• _Collected data_:
──────────────────────────────

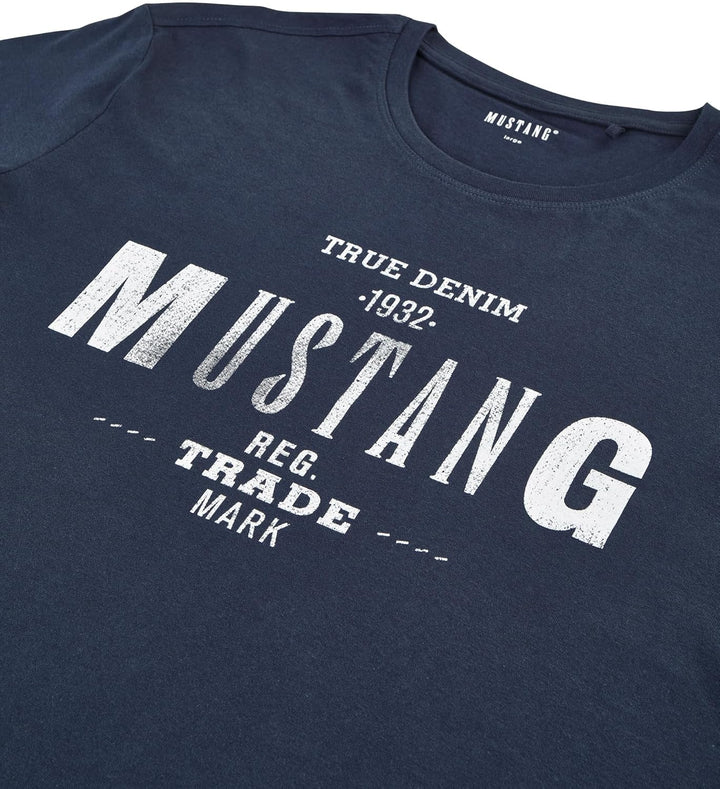MUSTANG Tshirt Herren Baumwolle Regular Fit 4er Pack Set Rundhals Kurzarm Sommer Tee Shirt Logoprint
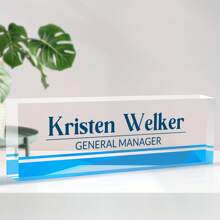 1个个性化办公室铭牌 - 27种款式，可定制办公桌铭牌，办公桌装饰礼品，男女皆宜，亚克力办公桌铭牌，适用于教师、同事、员工、老板（夏日海风），圣诞礼品用品 - 彩色 - 查看 16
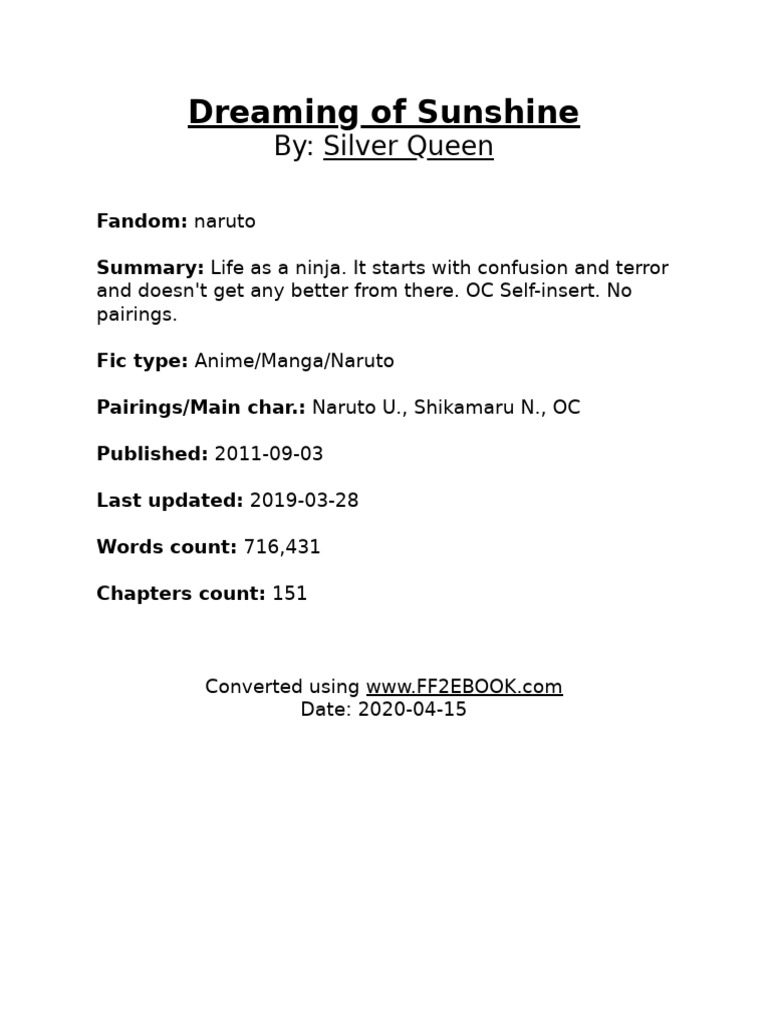 Dreaming of Sunshine Silver Queen PDF Kanji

──────────────────────────────

• _Task to carry out_: With the pictures removed, return the listing above in its exact original wording.

• _Exercise output_:
MUSTANG Tshirt Herren Baumwolle Regular Fit 4er Pack Set Rundhals Kurzarm Sommer Tee Shirt Logoprint
 1个个性化办公室铭牌 - 27种款式，可定制办公桌铭牌，办公桌装饰礼品，男女皆宜，亚克力办公桌铭牌，适用于教师、同事、员工、老板（夏日海风），圣诞礼品用品 - 彩色 - 查看 16
 Dreaming of Sunshine Silver Queen PDF Kanji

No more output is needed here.